Raif Badawi, 31, has been in jail for three years of a 10-year sentence that also included 1,000 lashings — 50 of which Badawi has already endured — on charges of apostasy and undermining security.

His wife, Ensaf Haidar, told news outlets Sunday that the supreme court had upheld the verdict. She also said she feared Badawi’s scheduled punishment of a weekly whipping session of 50 at a time would begin again on Friday. They were suspended after just one round of floggings in January, when authorities citied concerns for his health. (RELATED: Saudis Postpone Floggings For Health Of ‘Blasphemer’)

Badawi has been in prison since 2012, after starting a website dedicated to free political discussion in Saudi Arabia. For writing words considered insulting to the Saudi religious authorities, he was sentenced to 10 years in prison and 1,000 lashes: an extraordinarily harsh crime even by Saudi standards.

After YouTube footage of his first whipping attracted an outcry from the international community, Badawi appealed to the country’s supreme court. Now that the court has rejected his appeal, Badawi’s only hope would be a royal pardon by King Salman. (RELATED: With Blogger’s Fate Unclear, Americans Offer To Take Saudi Blasphemy Whippings)

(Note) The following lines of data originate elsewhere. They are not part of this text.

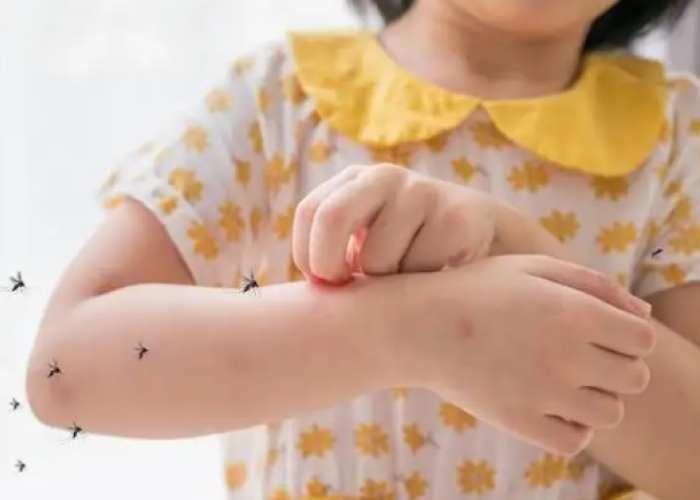 Waspada! Kasus DBD di Indonesia Melonjak Tajam, Kemenkes: Kasus Kematian Mayoritas Anak Usia 5 Tahun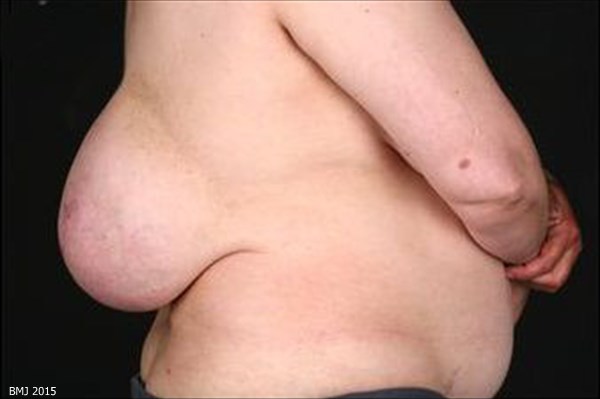 背中におっぱいを持っていた女性　その正体は脂肪腫！！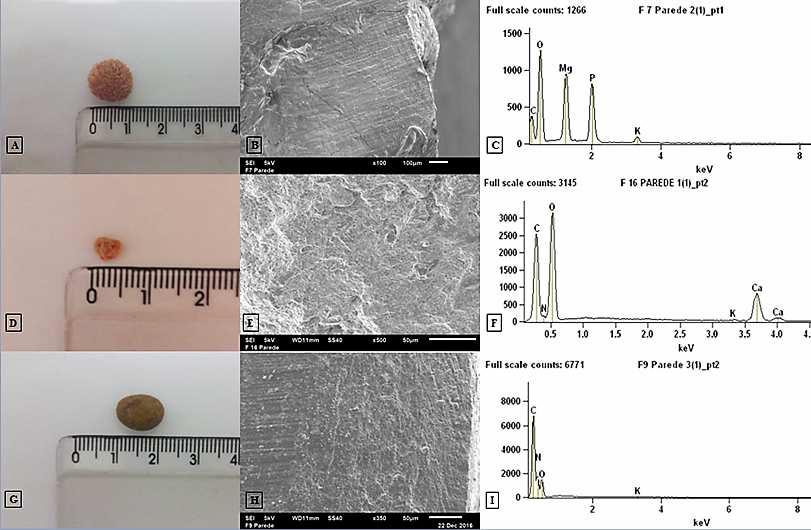 38 Fig 3. Urólitos de felinos. Urocistólito de estruvita (A). Imagem da camada de parede obtida por meio do MEV (B). Espectro de EDS da mesma região, determinando a composição de estruvita (C).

But many Saudi subjects are also eager to see the “apostate” brought to justice. Facing such intense public pressure, the king is unlikely to intervene directly on Badawi’s behalf.

At the same time, countries including the United States have demanded that Saudi Arabia cancel Badawi’s punishment, which State Department spokesman Jeff Rathke reiterated in Monday’s daily press briefing.

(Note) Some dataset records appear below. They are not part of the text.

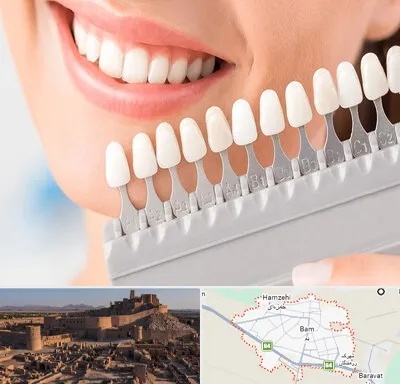متخصص لمینت دندان در بم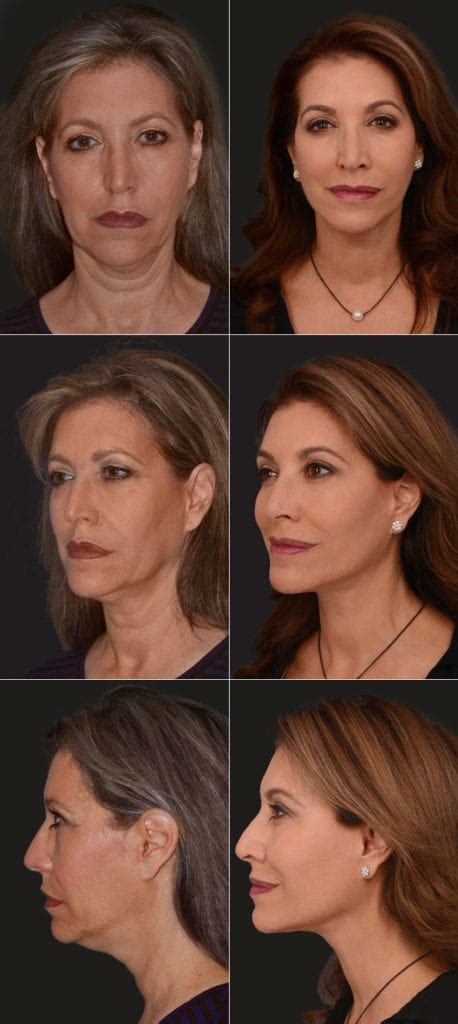 Sculpting The Jawline A Youthful Jawline Makes For A Youthful Face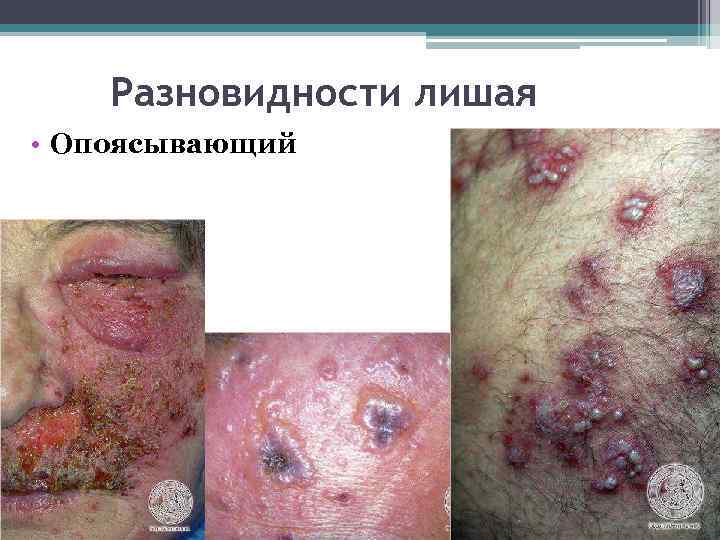 Разновидности лишая • Опоясывающий 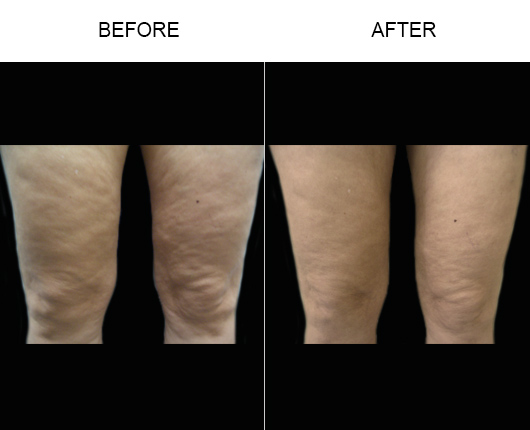 Before & After Bodytite Treatment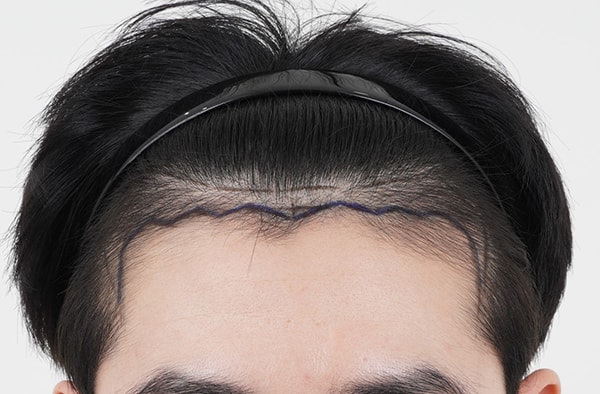 モモクリニック水原店 ムン·ヒョソプ院長に鼻切開2600本のM字移植を受けました。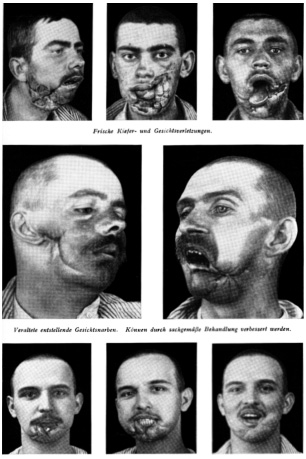 These photographs were meant to demonstrate the success of plastic surgery - photo 7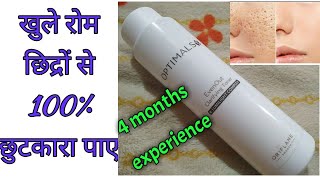 optimals even out toner by oriflamereviewexperience of 4 months Indian beauty talkies [upl. by Oijile80]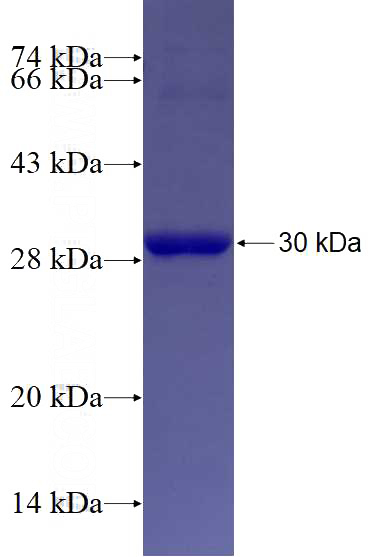 Recombinant Human THBS1 SDS-PAGE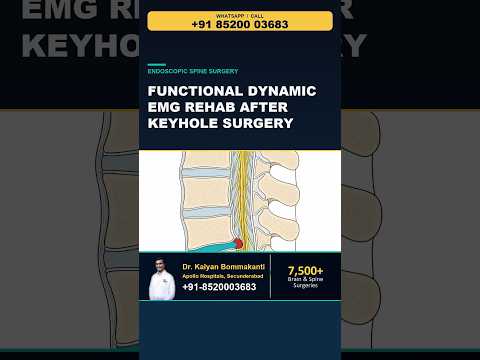 Functional Dynamic EMG Rehab After Keyhole Surgery - Best Spine Surgeon in Hyderabad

Michael De Dora, a representative of the secular-rights NGO Center for Inquiry, pointed out to The Daily Caller News Foundation that just last week, Saudi Arabia hosted a U.N.-sponsored conference on combating religious intolerance. At the conference, Saudi Arabia and other attending countries pledged to end “intolerance and discrimination, incitement to violence and violence against persons based on religion or belief.”

“Raif Badawi is able to fight against extremism” as a champion of free speech and critic religious intolerance, De Dora said. “But he’s not being allowed because of a government that is extraordinarily repressive against any dissent in the country — a country that is only advancing extremism.”